Butternut Squash Carrot Curry Soup

It is a mouthful to say but, after one bite you will want to bathe in this stuff!

A friend of mine gave me a recipe close to this one.  My mom put her magical touch on it and made it her own. She has given me my love of cooking and I am forever grateful.  She made this soup for Passover and so this is my tribute to my mother and our Seder in South Carolina.

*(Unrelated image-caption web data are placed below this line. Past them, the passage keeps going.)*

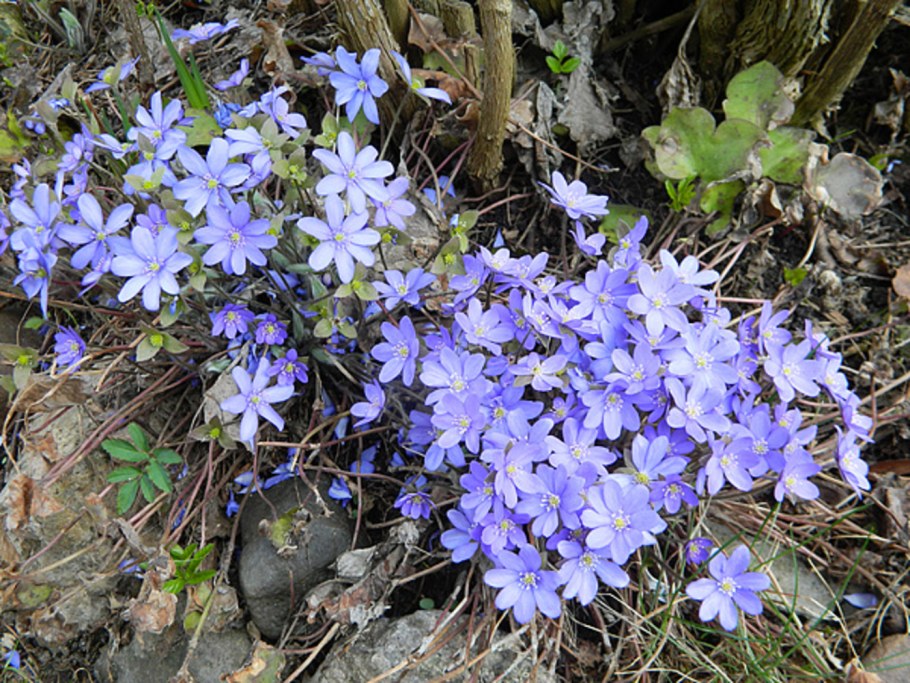 Печеночница азиатская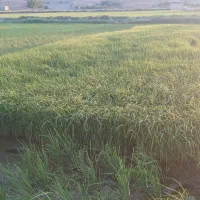 نشا برنج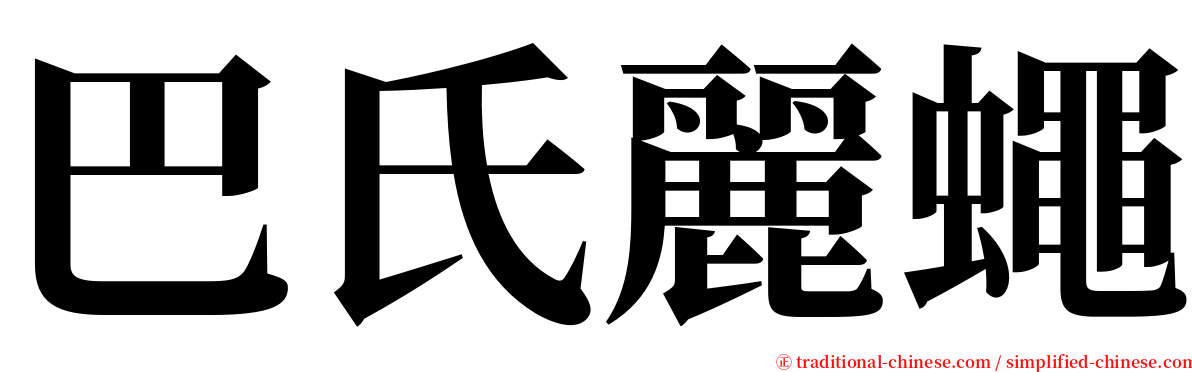 巴氏麗蠅 serif font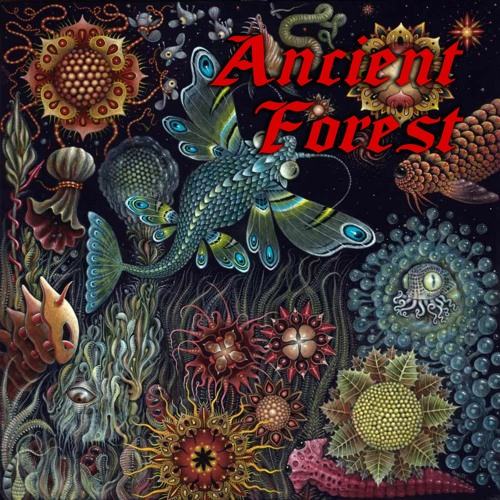 Ancient Forest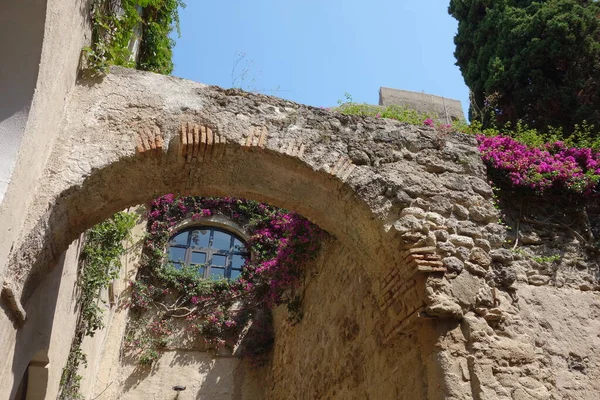Garden Aragonese Castle Ischia Island Italy — Stock Photo, Image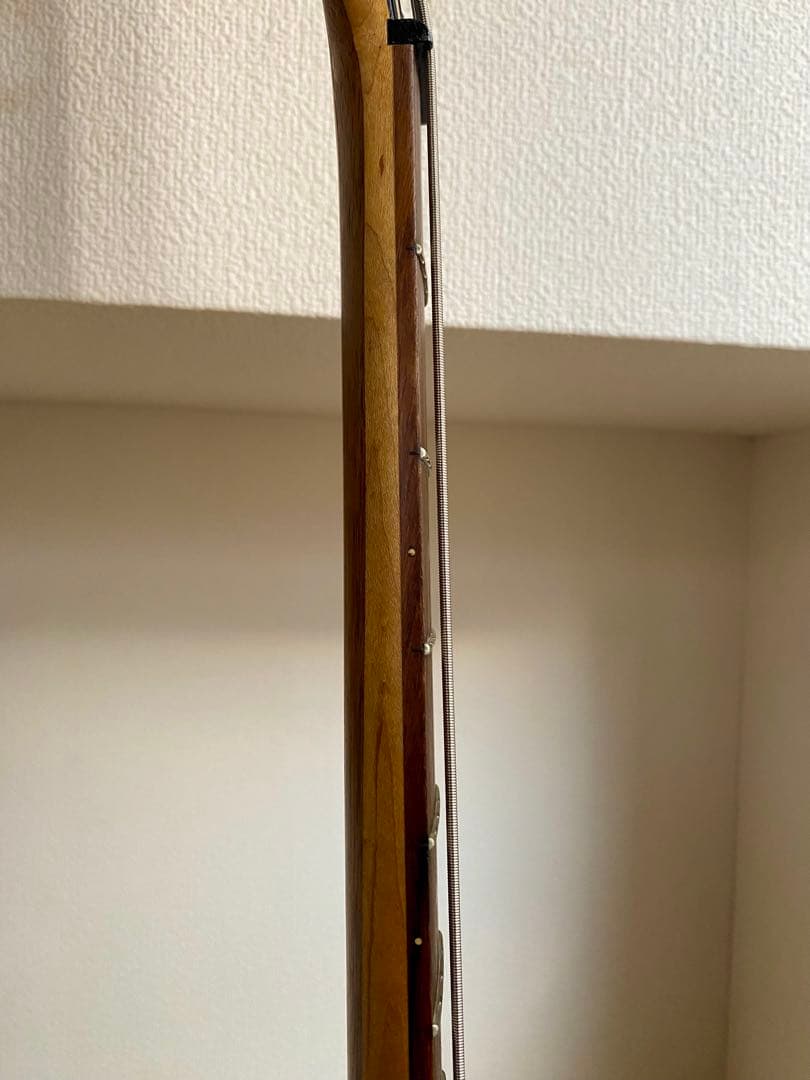 Epiphone T-Bird PRO Thunder Bird 4弦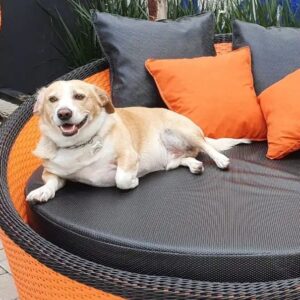 Chaise de fibra sintética laranja e preta com um cachorro deitado.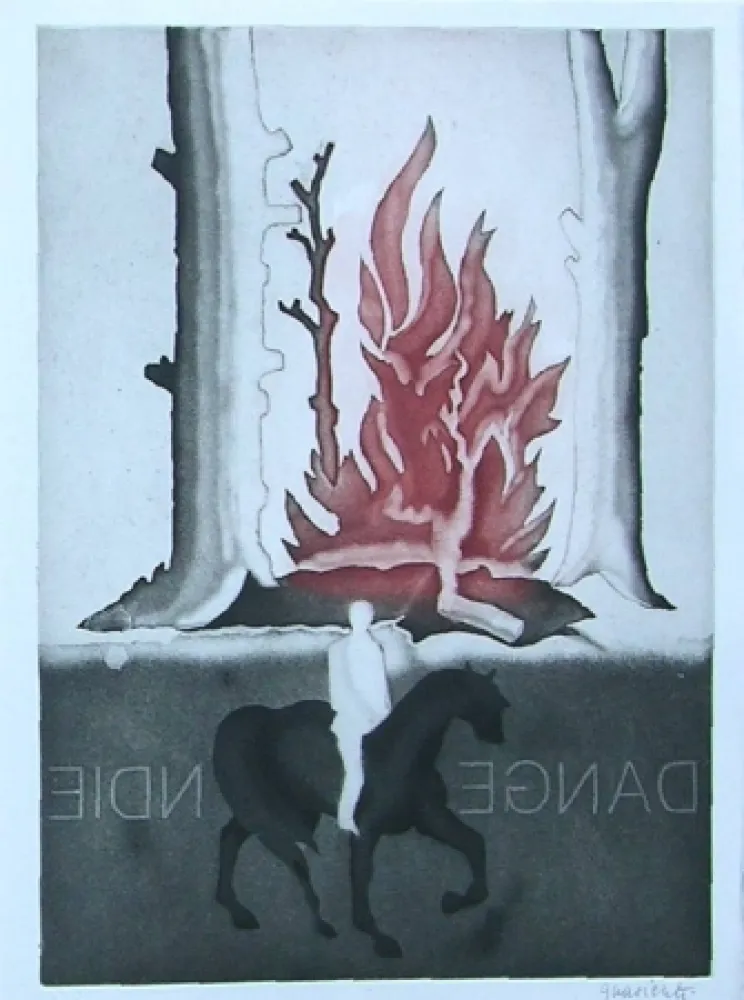 Livro Ilustrado Guarienti - Crachefeu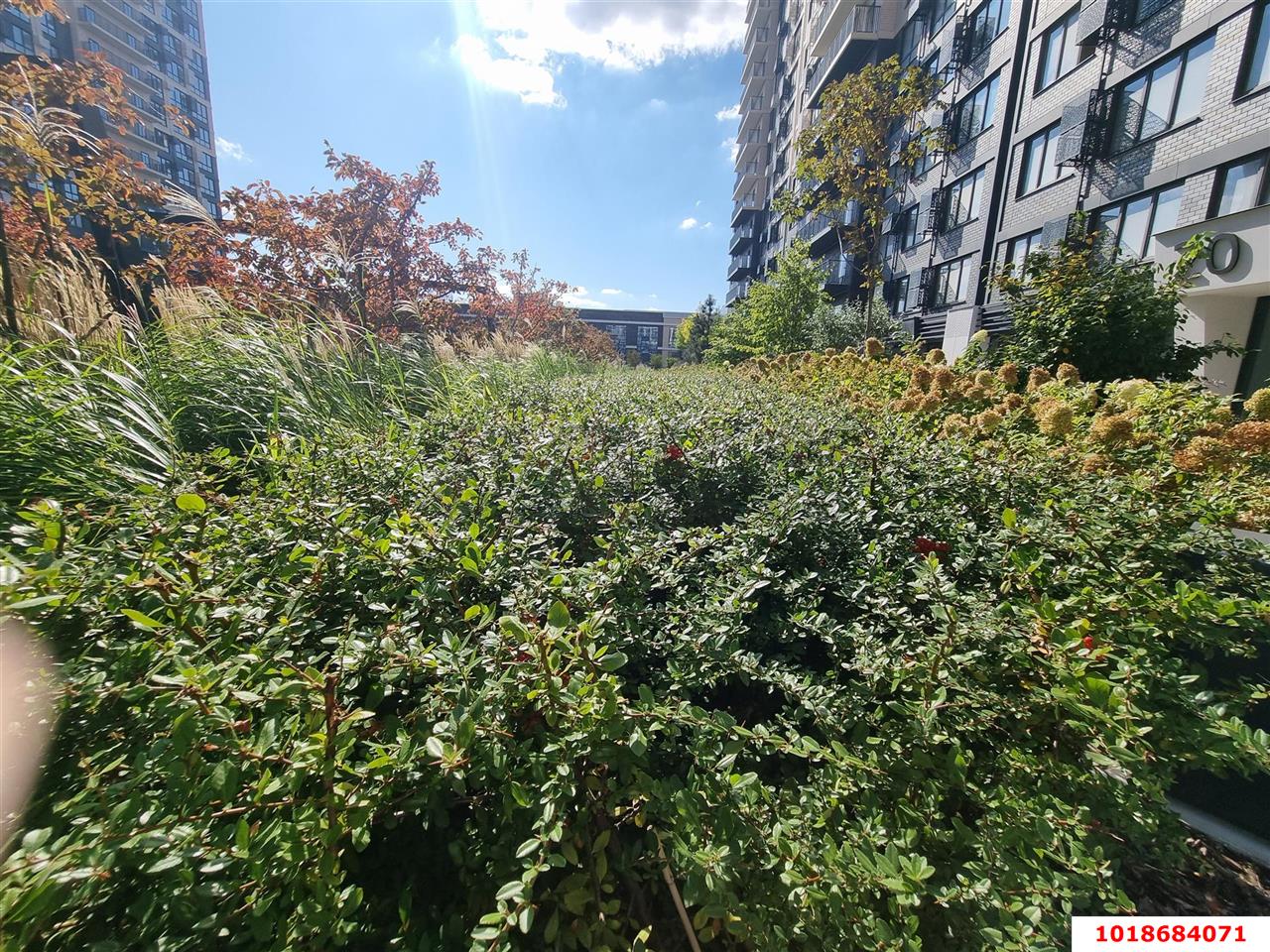 Фото №7: Студия 45&nbsp;м², 8/16&nbsp;эт. - Краснодар, Центральный внутригородской округ, мкр. Черёмушки, ул. Обрывная, 132/1к19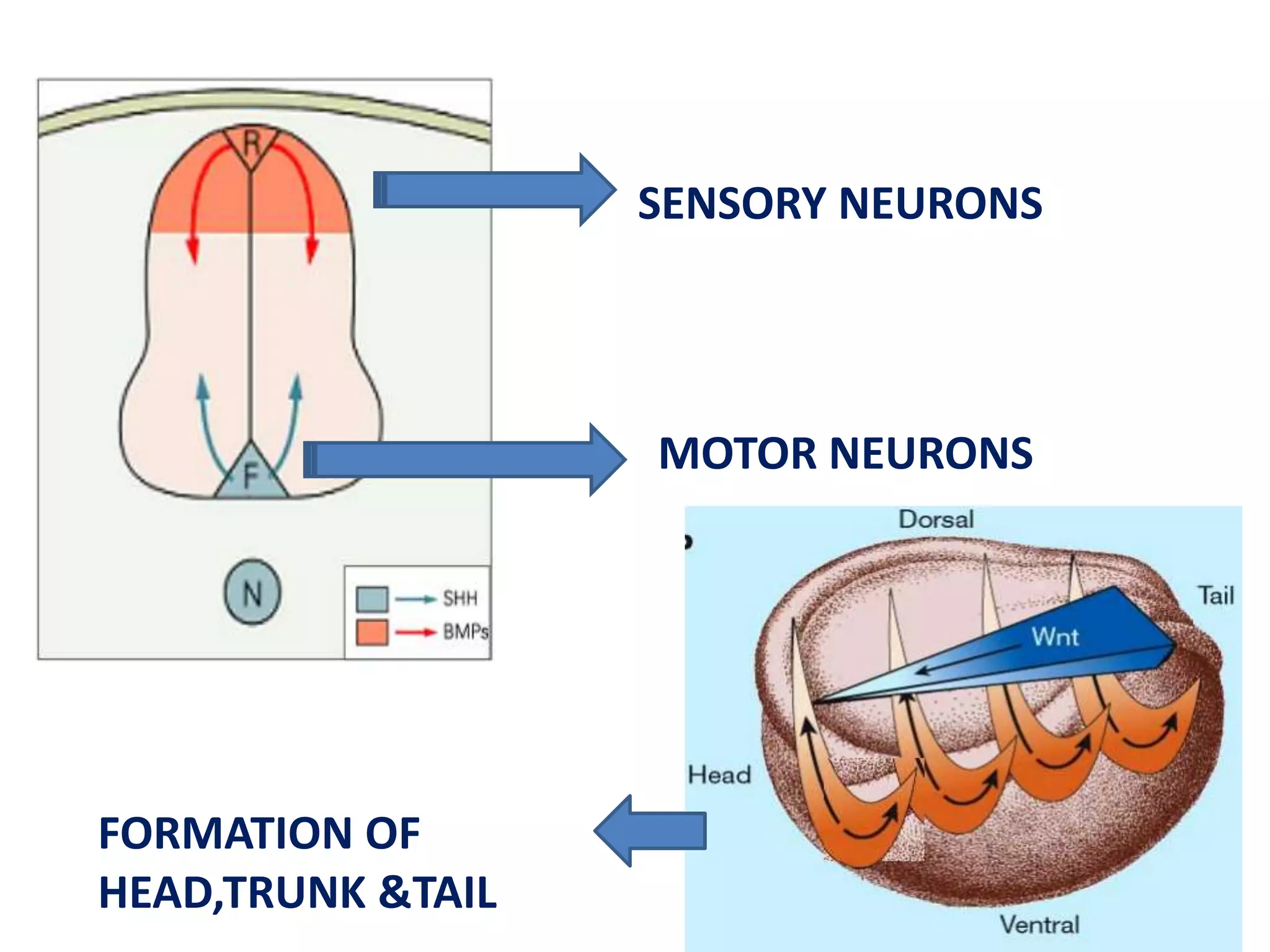 SENSORY NEURONS
MOTOR NEURONS
FORMATION OF
HEAD,TRUNK &TAIL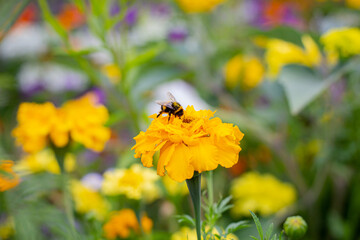 Bumblebee collects pollen. A bumblebee sits on a flower. Yellow marigolds in the garden. Bumblebee in the pollen sits on a flower. A bumblebee sits on marigolds.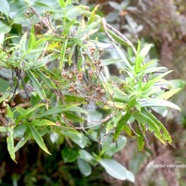 Faujasia salicifolia Chasse vieillesse As teraceae Endémique La Réunion 1216.jpeg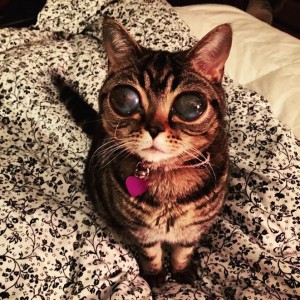 Matilda alien cat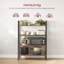 Annalin 137.5cm H x 80cm W Metal Standard Bookcase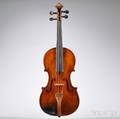 Student Violin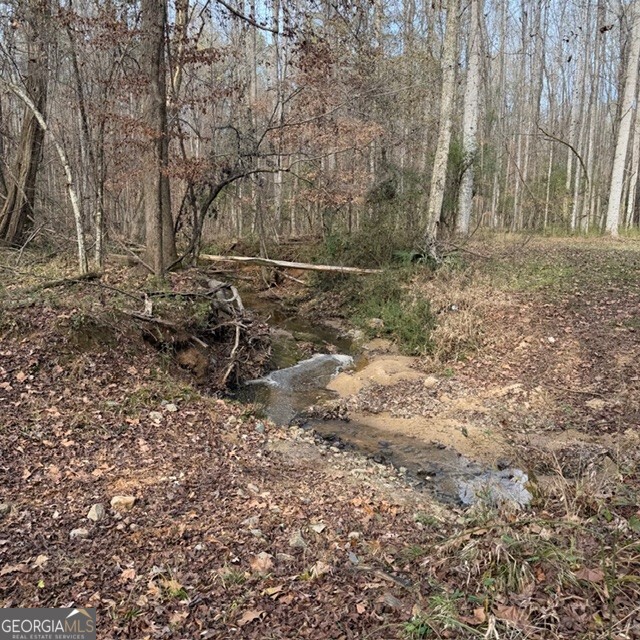 +/- 198 Acres Dennis Creek Road Talbotton GA 31827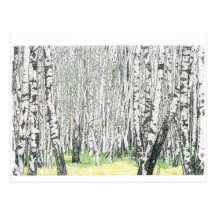 Silberne Birken-Holz - Postkarte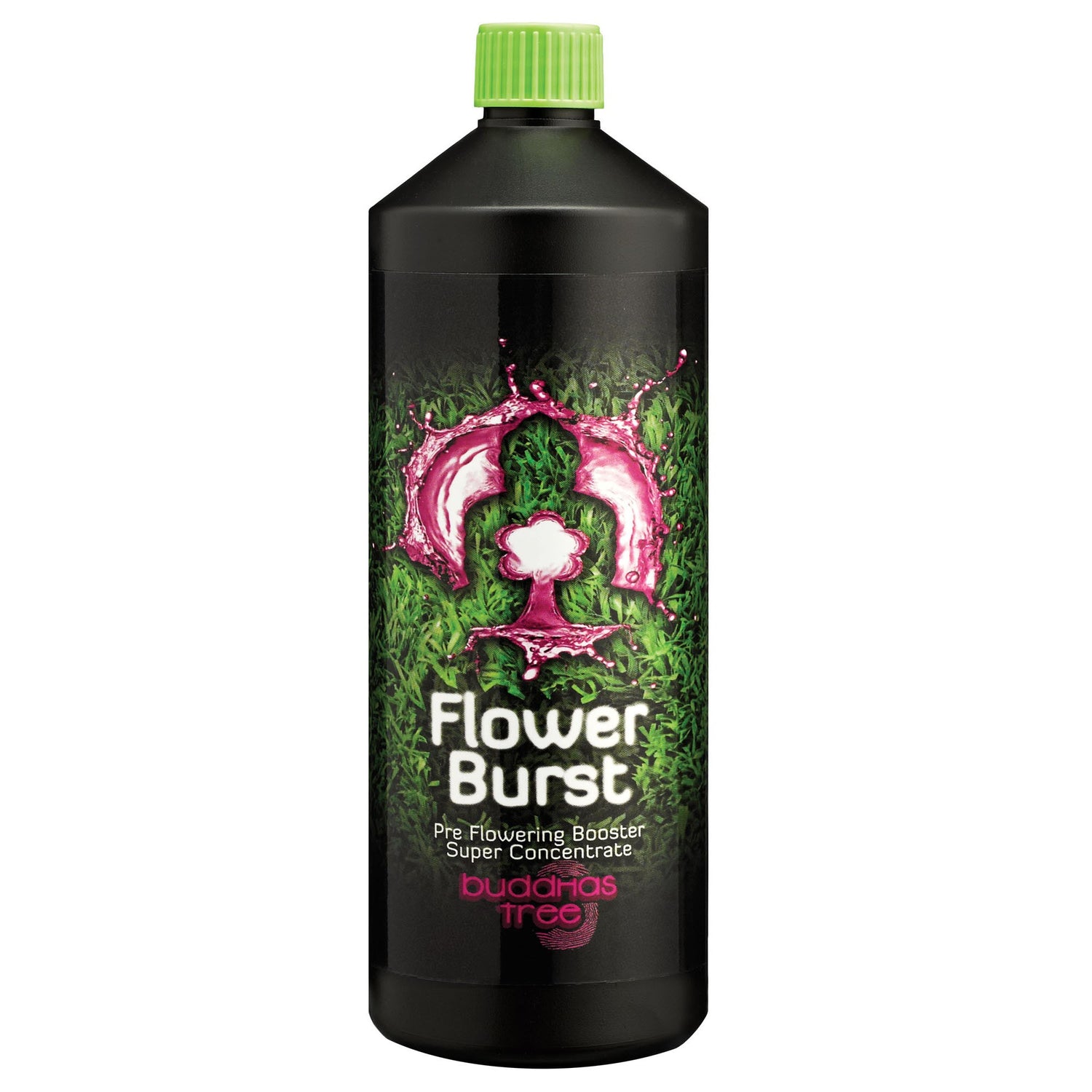 Buddha's Tree Flower Burst 1L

If you have extras, I suggest you freeze it or invite me over for dinner.

Ingredients for Soup:

  • Avocado oil for sauteing
  • 1 large yellow onion
  • 1 small red onion
  • 3 tbsp of freshly grated ginger
  • 3 tbsp of curry powder or to your own personal taste
  • turmeric to taste
  • cayenne pepper to taste
  • salt to taste
  • 2 lbs of chopped
  • 2 lbs of cubed butternut squash
  • 8 cups of chicken bone broth OR veggie broth if you want to make it vegan or vegetarian
  • 1 can of full fat coconut milk

Directions for Soup:

  • Saute onions, ginger and seasonings.
  • Add veggies.
  • Add broth and cook until everything is very soft.
  • When everything has cooled you can puree and then at coconut milk.
  • You can then add extra seasonings to your own liking.

Ingredients for Orange Spiced Cashews:

  • 3 cups of whole raw cashews
  • 1/4 cup maple syrup (I made the exception to have this sweetener for the holiday)
  • pinch of salt
  • 1.5 tsp orange zest
  • 1 tsp powdered ginger
  • 1/2 tsp coriander
  • 1 tsp cumin
  • pinch of cayenne pepper

Directions for cashews:

  • Coat nuts evenly and spread on a parchment paper covered baking sheet and bake on 350 for about 15 minutes.  Once cooled, place in an air tight container.

When you are ready to serve the soup, sprinkle some cashews on top.  It is a lovely addition.